═════ Listed entries
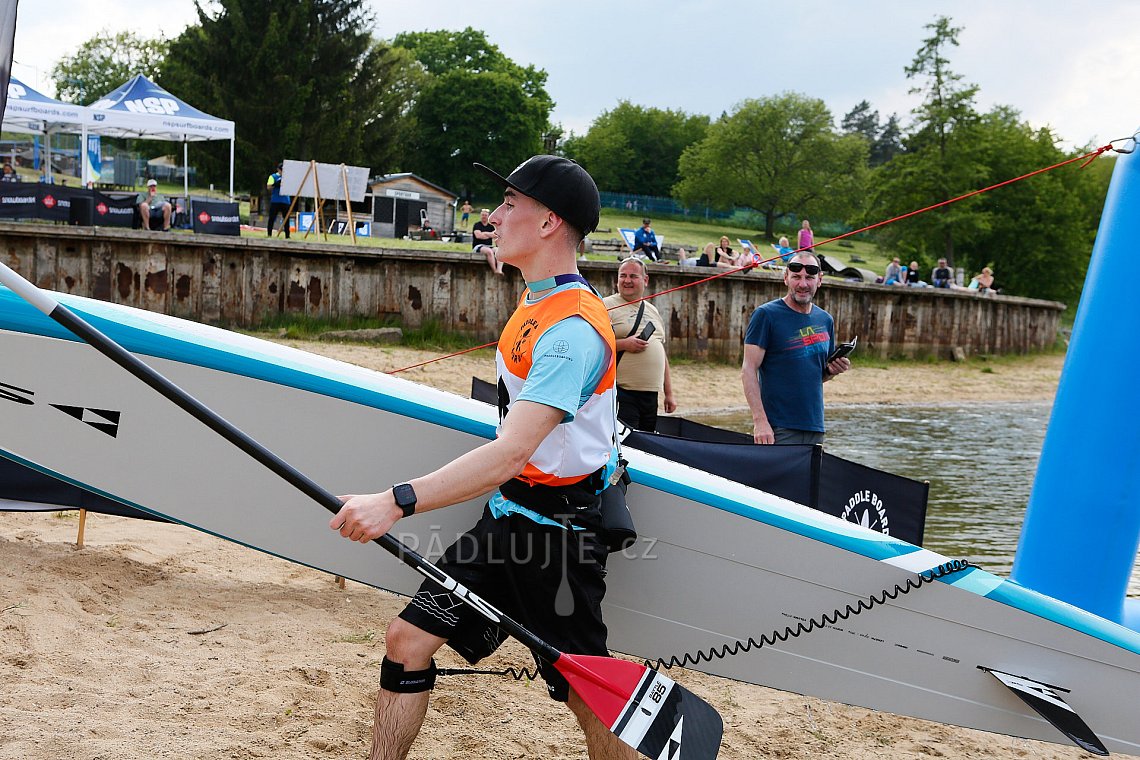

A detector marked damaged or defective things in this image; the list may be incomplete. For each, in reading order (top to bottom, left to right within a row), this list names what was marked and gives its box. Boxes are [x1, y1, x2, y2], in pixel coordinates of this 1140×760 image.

rusty metal retaining wall [4, 223, 1062, 362]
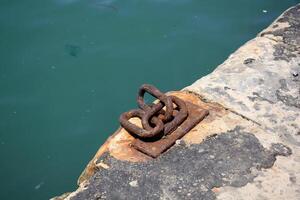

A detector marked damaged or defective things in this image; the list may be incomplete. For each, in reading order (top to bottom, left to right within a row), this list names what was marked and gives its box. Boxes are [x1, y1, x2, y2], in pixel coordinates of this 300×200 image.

rusty chain [119, 84, 188, 139]
rusted metal mooring plate [119, 83, 209, 157]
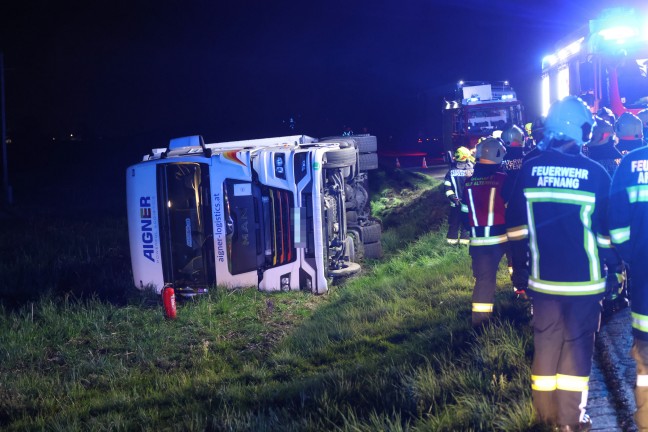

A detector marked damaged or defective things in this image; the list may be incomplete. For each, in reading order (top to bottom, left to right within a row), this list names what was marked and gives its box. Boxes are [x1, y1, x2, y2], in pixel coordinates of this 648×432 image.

overturned truck [125, 134, 380, 296]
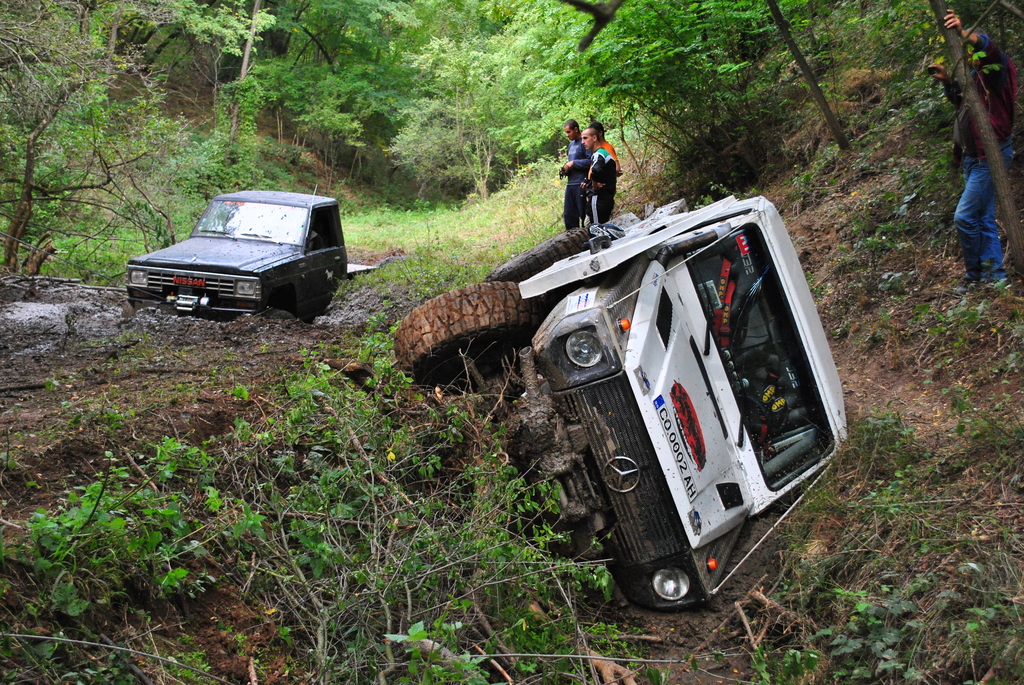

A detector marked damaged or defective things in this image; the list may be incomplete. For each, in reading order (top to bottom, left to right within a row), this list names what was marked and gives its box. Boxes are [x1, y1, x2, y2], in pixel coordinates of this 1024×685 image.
══════════
■ Exercise objective ■
Please set down each line of the data above exactly as written, without the pictures.

■ Response box ■
A detector marked damaged or defective things in this image; the list may be incomplete. For each, in reading order (top to bottom, left to right within a row), this list names what was marked and gives its box. Boxes are [x1, y1, x2, y2], in pixel coordinates of this 1140×760 image.

rusty metal retaining wall [4, 223, 1062, 362]

A detector marked damaged or defective things in this image; the list may be incomplete. For each, in reading order (top to bottom, left to right within a row), this list names what was marked and gives its box. Boxes are [x1, y1, x2, y2], in pixel coordinates of this 300×200 image.

rusty chain [119, 84, 188, 139]
rusted metal mooring plate [119, 83, 209, 157]

A detector marked damaged or defective things in this image; the list may be incomplete. For each, in reading order (top to bottom, left to right within a row), this list names what was marked and gives its box. Boxes are [x1, y1, x2, y2], in pixel coordinates of this 648×432 image.

overturned truck [125, 134, 380, 296]

A detector marked damaged or defective things in this image; the list may be incomplete. For each, in reading order (top to bottom, left to right within a row), this list names what was marked and gives its box. Boxes are [x1, y1, x2, y2], in pixel coordinates of this 1024×685 image.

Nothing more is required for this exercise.